From: Gary Hade <garyhade@us.ibm.com>
To: Yinghai Lu <yhlu.kernel@gmail.com>
Cc: Gary Hade <garyhade@us.ibm.com>,
mingo@elte.hu, mingo@redhat.com, tglx@linutronix.de,
hpa@zytor.com, x86@kernel.org, linux-kernel@vger.kernel.org,
lcm@us.ibm.com
Subject: Re: [PATCH 2/3] [BUGFIX] x86/x86_64: fix CPU offlining triggered inactive device IRQ interrruption
Date: Thu, 9 Apr 2009 12:17:08 -0700 [thread overview]
Message-ID: <20090409191707.GA7247@us.ibm.com> (raw)

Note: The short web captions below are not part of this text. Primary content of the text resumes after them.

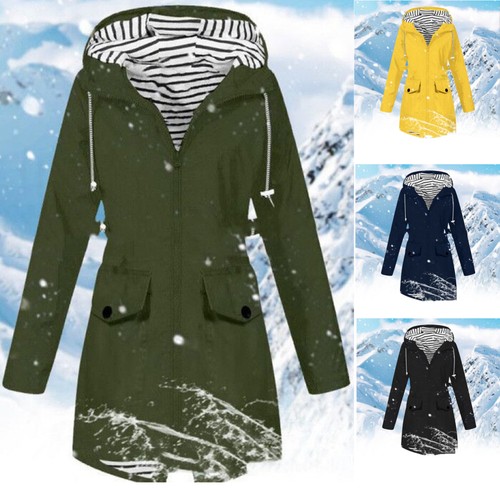 Womens waterproof raincoat - womens,
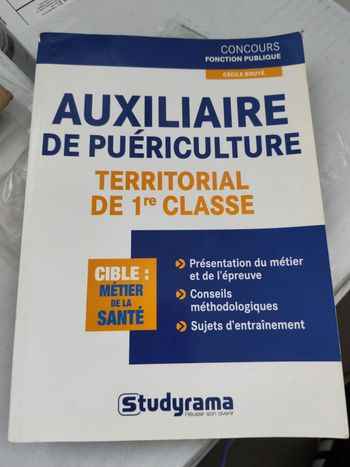 Prépa concours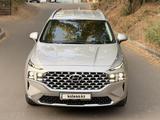 Hyundai Santa Fe 2023 года за 15 600 000 тг. в Алматы – фото 5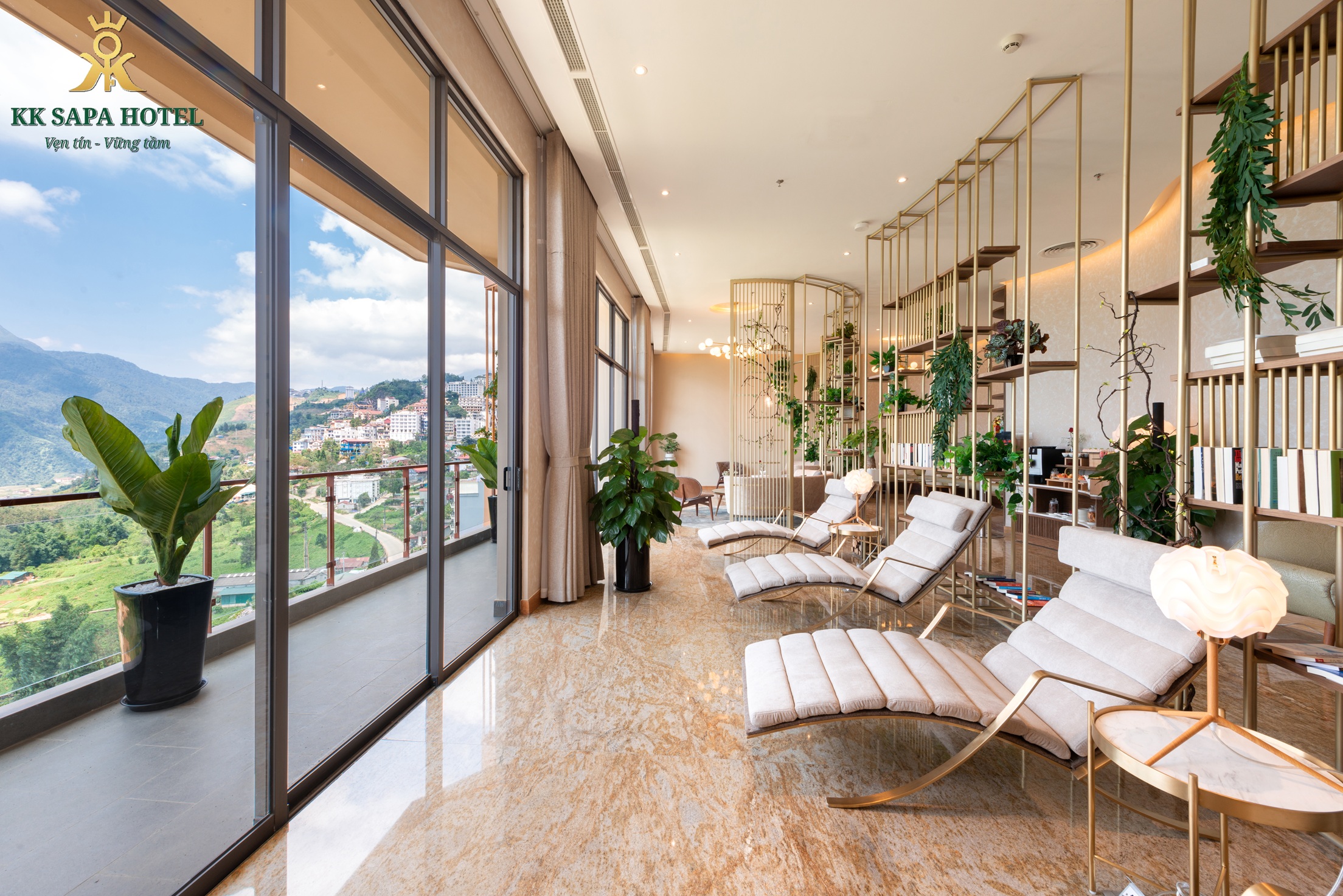 KK Sapa Hotel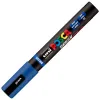 Markeris BRUSH POSCA PC-5BR Mėlyna (6 vnt.)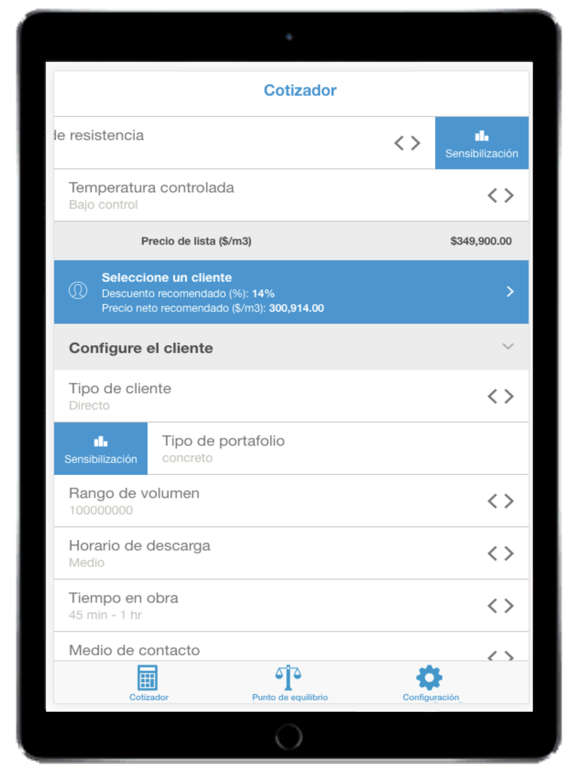 Screenshot #6 pour PGP Prexus App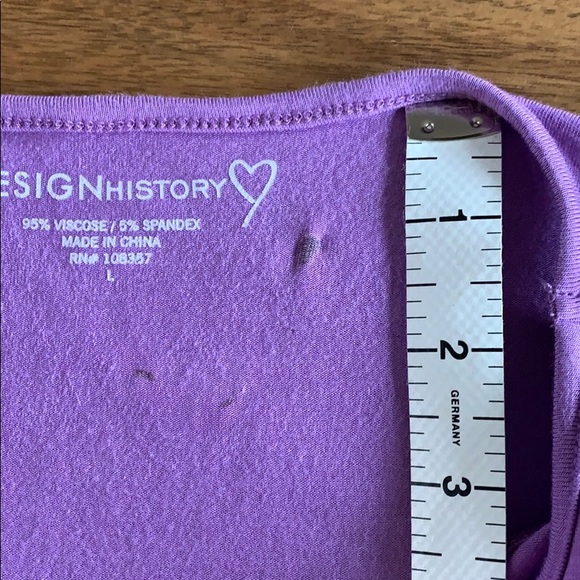 Girl’s tank dress, size L - Picture 7 of 8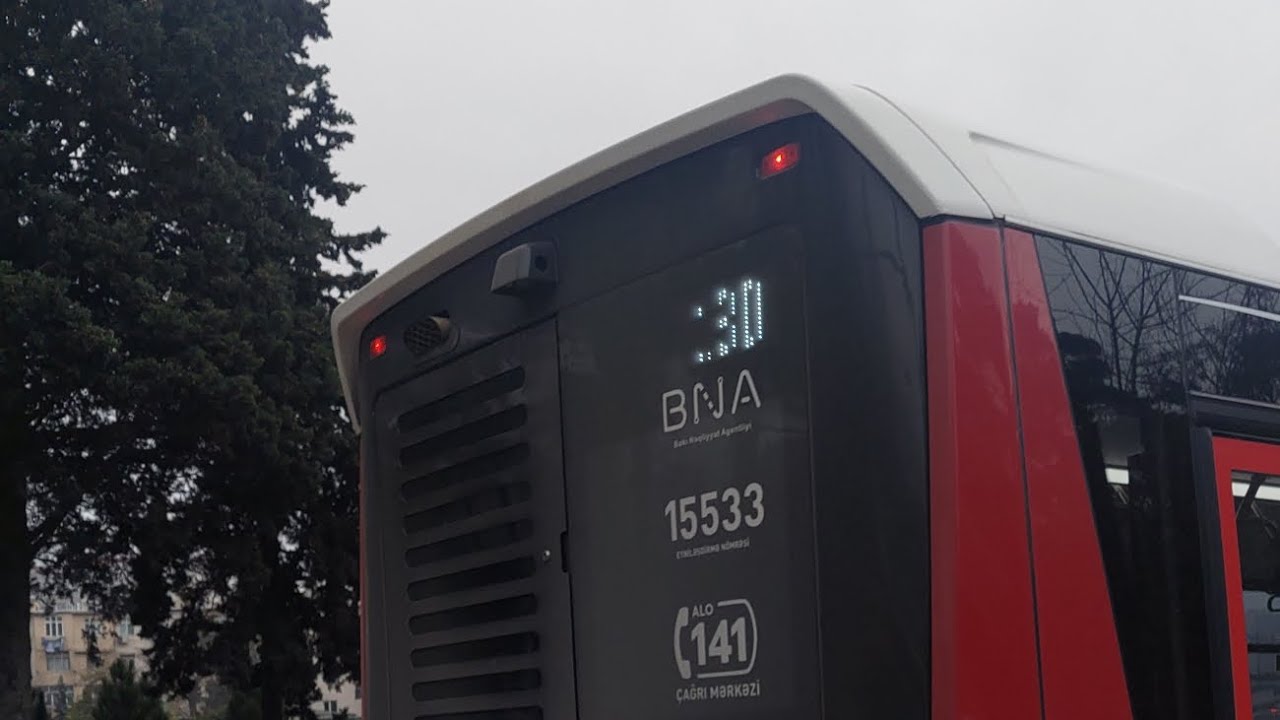 Bakı:(130 saylı avtobus):Səfər:(Lökbatan qəsəbəsi-20 Yanvar m/st)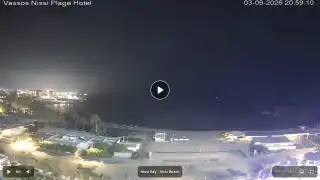 Miniatura 3 września 2026 18:00 Ayia Napa Cypr - Nissi Beach Panorama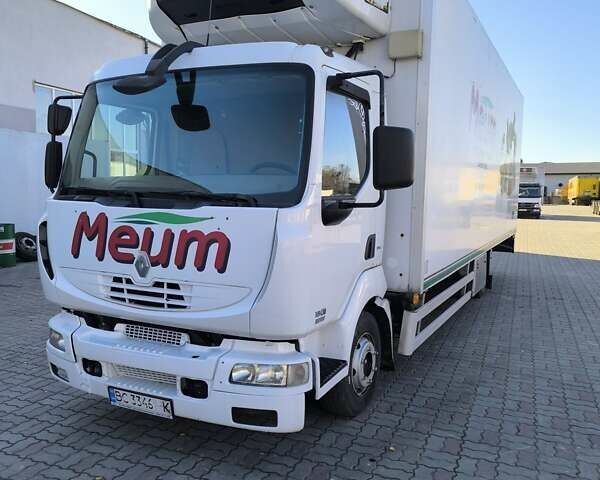 Білий Рено Мідлум, об'ємом двигуна 4.76 л та пробігом 386 тис. км за 16900 $, фото 2 на Automoto.ua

In-Reply-To: <86802c440904081659l1ec30838l99fcb9c693363d00@mail.gmail.com>
On Wed, Apr 08, 2009 at 04:59:35PM -0700, Yinghai Lu wrote:
> On Wed, Apr 8, 2009 at 4:58 PM, Yinghai Lu <yhlu.kernel@gmail.com> wrote:
> > On Wed, Apr 8, 2009 at 4:37 PM, Gary Hade <garyhade@us.ibm.com> wrote:
> >> On Wed, Apr 08, 2009 at 03:30:15PM -0700, Yinghai Lu wrote:
> >>> On Wed, Apr 8, 2009 at 2:07 PM, Gary Hade <garyhade@us.ibm.com> wrote:
> >>> > Impact: Eliminates a race that can leave the system in an
> >>> > unusable state
> >>> >
> >>> > During rapid offlining of multiple CPUs there is a chance
> >>> > that an IRQ affinity move destination CPU will be offlined
> >>> > before the IRQ affinity move initiated during the offlining
> >>> > of a previous CPU completes. This can happen when the device
> >>> > is not very active and thus fails to generate the IRQ that is
> >>> > needed to complete the IRQ affinity move before the move
> >>> > destination CPU is offlined. When this happens there is an
> >>> > -EBUSY return from __assign_irq_vector() during the offlining
> >>> > of the IRQ move destination CPU which prevents initiation of
> >>> > a new IRQ affinity move operation to an online CPU. This
> >>> > leaves the IRQ affinity set to an offlined CPU.
> >>> >
> >>> > I have been able to reproduce the problem on some of our
> >>> > systems using the following script. When the system is idle
> >>> > the problem often reproduces during the first CPU offlining
> >>> > sequence.
> >>> >
> >>> > #!/bin/sh
> >>> >
> >>> > SYS_CPU_DIR=/sys/devices/system/cpu
> >>> > VICTIM_IRQ=25
> >>> > IRQ_MASK=f0
> >>> >
> >>> > iteration=0
> >>> > while true; do
> >>> > echo $iteration
> >>> > echo $IRQ_MASK > /proc/irq/$VICTIM_IRQ/smp_affinity
> >>> > for cpudir in $SYS_CPU_DIR/cpu[1-9] $SYS_CPU_DIR/cpu??; do
> >>> > echo 0 > $cpudir/online
> >>> > done
> >>> > for cpudir in $SYS_CPU_DIR/cpu[1-9] $SYS_CPU_DIR/cpu??; do
> >>> > echo 1 > $cpudir/online
> >>> > done
> >>> > iteration=`expr $iteration + 1`
> >>> > done
> >>> >
> >>> > The proposed fix takes advantage of the fact that when all
> >>> > CPUs in the old domain are offline there is nothing to be done
> >>> > by send_cleanup_vector() during the affinity move completion.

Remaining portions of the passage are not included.